# Ammunition shortages already ?



## bones44 (Jan 7, 2011)

http://www.guns.com/...y-dwindles.html


----------



## hassell (Feb 9, 2010)

I think its mostly the manufactures who are hoarding in order to drive up prices - Plus what better time to do it then before an election.


----------



## poe (Feb 10, 2010)

glad I have lots of stuff at home to reload. Looks like stocking up way more than I need may just pay off haha.


----------



## fr3db3ar (Aug 6, 2011)

I over-stocked after the last debacle. Enough 22 to last a few years and plenty of reloading supplies for the CFs.


----------



## ReidRH (Feb 1, 2010)

Homeland Security just ordered 450 Million Rounds, ATK has been awarded a ID/IQ Indefinite Delivery/ Indefinite Quantity Contract with the DHS. Reckon what they scared of! That is prolly why it is getting harder and harder to get ammo! Our Government is Buying it all up with OUR Money!!

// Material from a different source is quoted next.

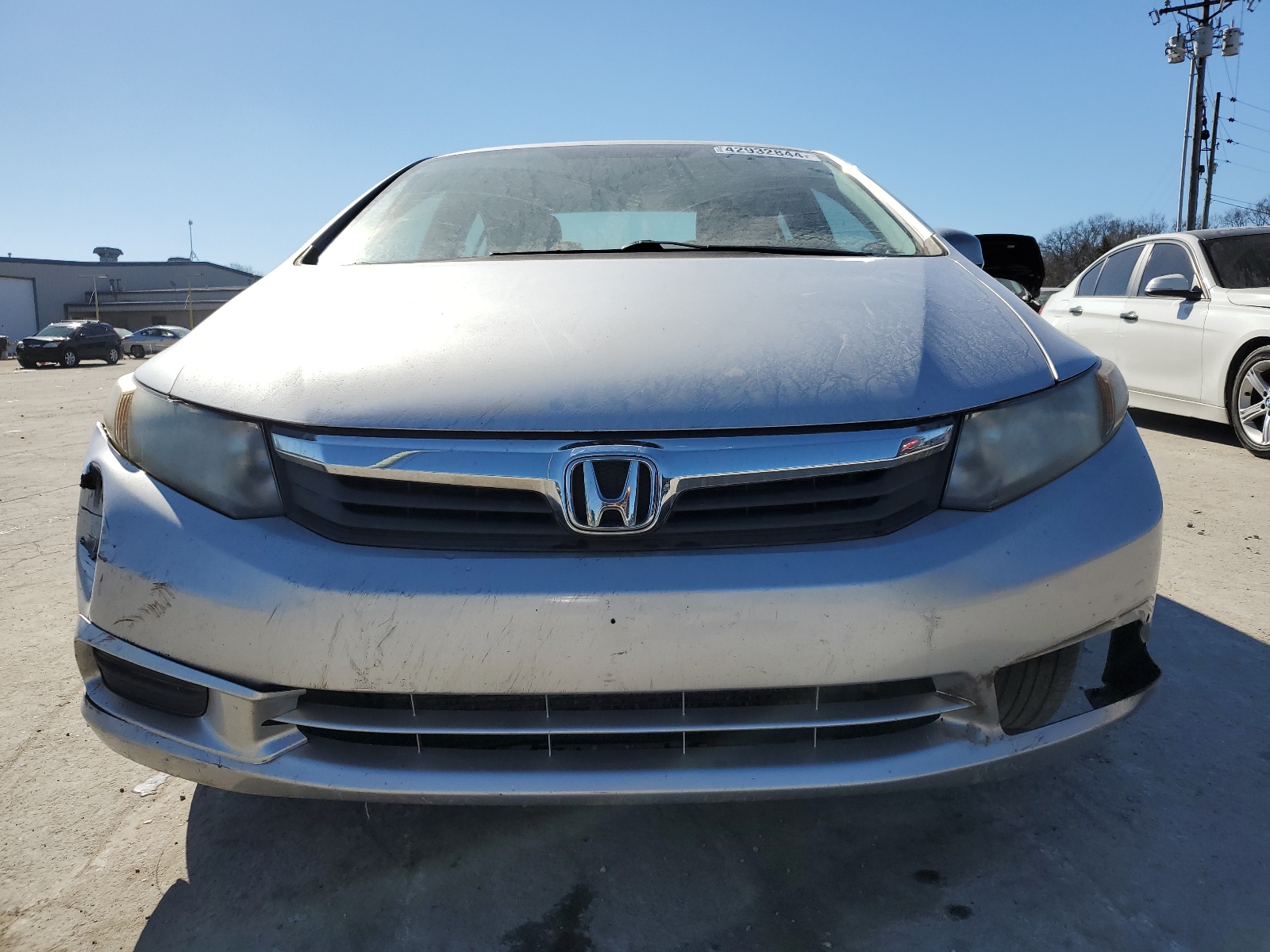 2012 Honda Civic Ex vin: 19XFB2F84CE025637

Here is the link: usahitman.com


----------



## bones44 (Jan 7, 2011)

I saw where you posted that on FB. Up to 450 million rounds within what 4 years I think ? Talk about hoarding ! Basteges don't use that much range time. Where's the accounting for all of this stuff ?


----------



## 220swift (Mar 2, 2011)

_WOW! _Guess I better order another batch.......


----------



## bones44 (Jan 7, 2011)

In the article it said they ordered .40 cal. ammunition. Didn't mention any others. I'm sure once the news starts spreading we'll learn more. You know since the Obama administration is so anti-gun and all except when they're arming themselves !


----------